Work instruction -
Which lines run from the line with "Darts-Spiel spielen Old" through the line with "Pendientes de plata" in the entries below? Print them exactly, both ends included, and nothing more.

Caption-style text data -
◇ ◇ ◇ ◇
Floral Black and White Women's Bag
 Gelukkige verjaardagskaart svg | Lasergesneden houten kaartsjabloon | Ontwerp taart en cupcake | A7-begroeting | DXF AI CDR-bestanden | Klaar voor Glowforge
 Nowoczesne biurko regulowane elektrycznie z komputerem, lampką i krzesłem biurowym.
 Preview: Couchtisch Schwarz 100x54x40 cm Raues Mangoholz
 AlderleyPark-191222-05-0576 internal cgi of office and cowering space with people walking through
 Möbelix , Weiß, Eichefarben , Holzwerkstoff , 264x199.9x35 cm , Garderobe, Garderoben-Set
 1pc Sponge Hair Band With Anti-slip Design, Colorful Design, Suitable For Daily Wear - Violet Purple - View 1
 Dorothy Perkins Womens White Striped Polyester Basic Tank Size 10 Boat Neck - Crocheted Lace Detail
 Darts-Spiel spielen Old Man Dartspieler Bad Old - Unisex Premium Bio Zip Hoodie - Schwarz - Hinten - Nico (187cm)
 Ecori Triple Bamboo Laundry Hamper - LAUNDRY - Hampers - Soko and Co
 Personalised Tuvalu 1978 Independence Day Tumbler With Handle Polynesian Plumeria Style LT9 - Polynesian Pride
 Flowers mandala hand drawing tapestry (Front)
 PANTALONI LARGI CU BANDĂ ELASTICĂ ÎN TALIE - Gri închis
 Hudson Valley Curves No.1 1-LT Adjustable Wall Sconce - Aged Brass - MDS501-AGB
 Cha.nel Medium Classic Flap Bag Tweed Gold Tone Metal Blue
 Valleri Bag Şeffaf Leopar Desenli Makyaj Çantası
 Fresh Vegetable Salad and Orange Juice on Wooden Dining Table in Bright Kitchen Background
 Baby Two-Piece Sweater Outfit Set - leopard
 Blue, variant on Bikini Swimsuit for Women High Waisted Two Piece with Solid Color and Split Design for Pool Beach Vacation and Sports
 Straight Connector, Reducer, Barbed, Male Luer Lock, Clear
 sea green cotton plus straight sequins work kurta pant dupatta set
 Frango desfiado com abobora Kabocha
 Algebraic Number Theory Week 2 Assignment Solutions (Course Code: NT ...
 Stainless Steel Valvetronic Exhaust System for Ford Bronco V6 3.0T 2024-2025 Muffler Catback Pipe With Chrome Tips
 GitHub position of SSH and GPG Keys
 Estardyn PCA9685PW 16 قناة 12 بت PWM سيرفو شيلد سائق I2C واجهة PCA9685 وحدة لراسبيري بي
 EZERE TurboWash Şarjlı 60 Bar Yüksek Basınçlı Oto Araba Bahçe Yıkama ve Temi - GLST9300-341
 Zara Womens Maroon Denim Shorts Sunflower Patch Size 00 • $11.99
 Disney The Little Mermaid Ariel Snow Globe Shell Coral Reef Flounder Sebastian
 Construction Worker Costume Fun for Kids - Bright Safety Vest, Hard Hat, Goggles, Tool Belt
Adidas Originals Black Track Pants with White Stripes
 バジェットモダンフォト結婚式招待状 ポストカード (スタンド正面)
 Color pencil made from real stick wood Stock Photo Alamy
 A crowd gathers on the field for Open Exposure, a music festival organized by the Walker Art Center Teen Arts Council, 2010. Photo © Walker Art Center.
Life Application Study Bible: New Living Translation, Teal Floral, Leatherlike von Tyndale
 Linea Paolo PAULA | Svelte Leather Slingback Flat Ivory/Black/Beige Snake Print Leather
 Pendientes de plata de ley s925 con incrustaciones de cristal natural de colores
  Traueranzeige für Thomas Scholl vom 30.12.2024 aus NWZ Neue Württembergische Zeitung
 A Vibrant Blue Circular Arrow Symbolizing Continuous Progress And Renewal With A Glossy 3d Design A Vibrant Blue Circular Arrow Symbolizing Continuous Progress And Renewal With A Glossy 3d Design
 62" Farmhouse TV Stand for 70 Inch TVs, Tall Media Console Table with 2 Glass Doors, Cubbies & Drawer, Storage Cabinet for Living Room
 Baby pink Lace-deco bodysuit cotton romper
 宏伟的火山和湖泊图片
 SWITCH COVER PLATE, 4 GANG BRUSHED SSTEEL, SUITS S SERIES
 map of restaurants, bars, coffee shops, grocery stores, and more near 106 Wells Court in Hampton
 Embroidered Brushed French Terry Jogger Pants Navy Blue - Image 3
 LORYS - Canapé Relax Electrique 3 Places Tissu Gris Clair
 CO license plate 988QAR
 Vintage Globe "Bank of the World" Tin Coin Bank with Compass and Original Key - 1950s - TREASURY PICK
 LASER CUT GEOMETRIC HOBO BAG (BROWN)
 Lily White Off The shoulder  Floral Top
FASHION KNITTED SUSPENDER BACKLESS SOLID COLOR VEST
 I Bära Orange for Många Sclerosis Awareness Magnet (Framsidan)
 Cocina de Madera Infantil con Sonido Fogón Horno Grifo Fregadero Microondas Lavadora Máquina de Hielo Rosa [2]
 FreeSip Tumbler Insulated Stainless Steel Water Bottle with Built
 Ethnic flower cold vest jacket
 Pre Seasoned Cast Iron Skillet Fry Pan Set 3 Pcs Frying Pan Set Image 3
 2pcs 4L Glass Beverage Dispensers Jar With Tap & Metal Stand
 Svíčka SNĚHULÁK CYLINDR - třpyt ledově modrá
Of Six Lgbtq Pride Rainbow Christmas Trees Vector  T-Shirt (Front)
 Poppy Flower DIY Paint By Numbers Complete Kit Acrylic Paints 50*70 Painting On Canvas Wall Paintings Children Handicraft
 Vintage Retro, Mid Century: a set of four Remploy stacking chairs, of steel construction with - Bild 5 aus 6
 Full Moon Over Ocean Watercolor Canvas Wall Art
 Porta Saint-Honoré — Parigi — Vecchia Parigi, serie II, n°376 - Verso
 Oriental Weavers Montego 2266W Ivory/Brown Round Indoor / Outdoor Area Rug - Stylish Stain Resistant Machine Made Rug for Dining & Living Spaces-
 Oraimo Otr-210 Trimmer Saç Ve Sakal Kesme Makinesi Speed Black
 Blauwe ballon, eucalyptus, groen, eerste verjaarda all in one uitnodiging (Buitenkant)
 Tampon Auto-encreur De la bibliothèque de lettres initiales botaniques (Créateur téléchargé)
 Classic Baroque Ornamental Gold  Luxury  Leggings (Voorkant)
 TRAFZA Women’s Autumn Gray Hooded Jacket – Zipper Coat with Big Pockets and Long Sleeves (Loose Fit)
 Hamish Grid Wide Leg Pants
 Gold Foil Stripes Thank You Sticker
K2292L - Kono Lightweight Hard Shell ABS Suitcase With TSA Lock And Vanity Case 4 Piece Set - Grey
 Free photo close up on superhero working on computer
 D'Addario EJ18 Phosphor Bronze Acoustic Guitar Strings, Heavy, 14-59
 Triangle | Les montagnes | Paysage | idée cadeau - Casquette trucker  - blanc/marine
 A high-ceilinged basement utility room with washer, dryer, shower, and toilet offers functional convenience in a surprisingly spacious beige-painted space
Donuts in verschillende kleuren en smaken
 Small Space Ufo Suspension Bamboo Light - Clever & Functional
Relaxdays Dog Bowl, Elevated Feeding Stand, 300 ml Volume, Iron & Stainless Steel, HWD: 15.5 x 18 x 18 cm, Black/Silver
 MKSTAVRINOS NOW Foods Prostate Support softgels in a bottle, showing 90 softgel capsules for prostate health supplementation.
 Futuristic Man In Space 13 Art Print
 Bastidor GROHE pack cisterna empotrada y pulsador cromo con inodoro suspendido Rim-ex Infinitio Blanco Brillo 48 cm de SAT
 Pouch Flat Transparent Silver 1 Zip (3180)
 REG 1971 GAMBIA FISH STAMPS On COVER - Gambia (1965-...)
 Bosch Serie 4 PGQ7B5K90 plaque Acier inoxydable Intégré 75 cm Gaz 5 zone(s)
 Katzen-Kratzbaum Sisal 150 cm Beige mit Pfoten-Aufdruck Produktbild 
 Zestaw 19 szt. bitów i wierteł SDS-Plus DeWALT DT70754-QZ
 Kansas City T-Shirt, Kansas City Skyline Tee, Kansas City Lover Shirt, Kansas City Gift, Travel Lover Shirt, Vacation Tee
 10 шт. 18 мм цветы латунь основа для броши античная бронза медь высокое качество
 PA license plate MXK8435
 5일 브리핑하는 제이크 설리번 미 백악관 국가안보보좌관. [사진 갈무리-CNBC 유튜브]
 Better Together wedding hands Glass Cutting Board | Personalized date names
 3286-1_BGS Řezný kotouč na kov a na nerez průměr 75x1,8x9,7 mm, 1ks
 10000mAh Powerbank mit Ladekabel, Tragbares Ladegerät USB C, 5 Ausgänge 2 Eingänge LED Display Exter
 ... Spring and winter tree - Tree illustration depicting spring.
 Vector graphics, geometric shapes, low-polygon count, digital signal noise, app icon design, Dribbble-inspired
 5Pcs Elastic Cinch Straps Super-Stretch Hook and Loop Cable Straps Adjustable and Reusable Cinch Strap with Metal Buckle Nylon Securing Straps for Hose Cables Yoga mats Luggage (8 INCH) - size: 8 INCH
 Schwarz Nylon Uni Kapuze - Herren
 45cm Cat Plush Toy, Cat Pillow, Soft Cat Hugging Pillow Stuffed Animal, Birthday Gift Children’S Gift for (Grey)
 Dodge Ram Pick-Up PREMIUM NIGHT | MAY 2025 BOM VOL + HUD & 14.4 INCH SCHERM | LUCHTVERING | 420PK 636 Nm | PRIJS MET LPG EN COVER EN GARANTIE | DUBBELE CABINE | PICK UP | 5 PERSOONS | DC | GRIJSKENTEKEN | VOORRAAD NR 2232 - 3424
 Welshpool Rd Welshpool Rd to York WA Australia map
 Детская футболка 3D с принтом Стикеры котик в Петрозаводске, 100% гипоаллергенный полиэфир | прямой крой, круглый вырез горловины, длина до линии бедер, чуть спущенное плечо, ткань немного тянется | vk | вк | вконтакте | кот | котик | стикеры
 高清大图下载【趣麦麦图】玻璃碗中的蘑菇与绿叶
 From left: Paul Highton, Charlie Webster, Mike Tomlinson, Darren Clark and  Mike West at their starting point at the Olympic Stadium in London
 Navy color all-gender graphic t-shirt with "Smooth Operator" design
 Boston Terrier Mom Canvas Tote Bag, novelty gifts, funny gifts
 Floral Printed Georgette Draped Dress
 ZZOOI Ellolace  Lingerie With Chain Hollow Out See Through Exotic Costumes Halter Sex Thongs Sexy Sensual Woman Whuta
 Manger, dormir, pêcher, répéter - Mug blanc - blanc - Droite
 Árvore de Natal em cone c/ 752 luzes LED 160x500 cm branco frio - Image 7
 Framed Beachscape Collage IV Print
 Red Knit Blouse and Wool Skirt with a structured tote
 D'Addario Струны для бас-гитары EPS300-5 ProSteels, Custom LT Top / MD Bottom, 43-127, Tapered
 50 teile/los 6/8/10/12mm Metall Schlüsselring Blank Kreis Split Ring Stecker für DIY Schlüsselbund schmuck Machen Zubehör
◇ ◇ ◇ ◇
Exercise result -
 Darts-Spiel spielen Old Man Dartspieler Bad Old - Unisex Premium Bio Zip Hoodie - Schwarz - Hinten - Nico (187cm)
 Ecori Triple Bamboo Laundry Hamper - LAUNDRY - Hampers - Soko and Co
 Personalised Tuvalu 1978 Independence Day Tumbler With Handle Polynesian Plumeria Style LT9 - Polynesian Pride
 Flowers mandala hand drawing tapestry (Front)
 PANTALONI LARGI CU BANDĂ ELASTICĂ ÎN TALIE - Gri închis
 Hudson Valley Curves No.1 1-LT Adjustable Wall Sconce - Aged Brass - MDS501-AGB
 Cha.nel Medium Classic Flap Bag Tweed Gold Tone Metal Blue
 Valleri Bag Şeffaf Leopar Desenli Makyaj Çantası
 Fresh Vegetable Salad and Orange Juice on Wooden Dining Table in Bright Kitchen Background
 Baby Two-Piece Sweater Outfit Set - leopard
 Blue, variant on Bikini Swimsuit for Women High Waisted Two Piece with Solid Color and Split Design for Pool Beach Vacation and Sports
 Straight Connector, Reducer, Barbed, Male Luer Lock, Clear
 sea green cotton plus straight sequins work kurta pant dupatta set
 Frango desfiado com abobora Kabocha
 Algebraic Number Theory Week 2 Assignment Solutions (Course Code: NT ...
 Stainless Steel Valvetronic Exhaust System for Ford Bronco V6 3.0T 2024-2025 Muffler Catback Pipe With Chrome Tips
 GitHub position of SSH and GPG Keys
 Estardyn PCA9685PW 16 قناة 12 بت PWM سيرفو شيلد سائق I2C واجهة PCA9685 وحدة لراسبيري بي
 EZERE TurboWash Şarjlı 60 Bar Yüksek Basınçlı Oto Araba Bahçe Yıkama ve Temi - GLST9300-341
 Zara Womens Maroon Denim Shorts Sunflower Patch Size 00 • $11.99
 Disney The Little Mermaid Ariel Snow Globe Shell Coral Reef Flounder Sebastian
 Construction Worker Costume Fun for Kids - Bright Safety Vest, Hard Hat, Goggles, Tool Belt
Adidas Originals Black Track Pants with White Stripes
 バジェットモダンフォト結婚式招待状 ポストカード (スタンド正面)
 Color pencil made from real stick wood Stock Photo Alamy
 A crowd gathers on the field for Open Exposure, a music festival organized by the Walker Art Center Teen Arts Council, 2010. Photo © Walker Art Center.
Life Application Study Bible: New Living Translation, Teal Floral, Leatherlike von Tyndale
 Linea Paolo PAULA | Svelte Leather Slingback Flat Ivory/Black/Beige Snake Print Leather
 Pendientes de plata de ley s925 con incrustaciones de cristal natural de colores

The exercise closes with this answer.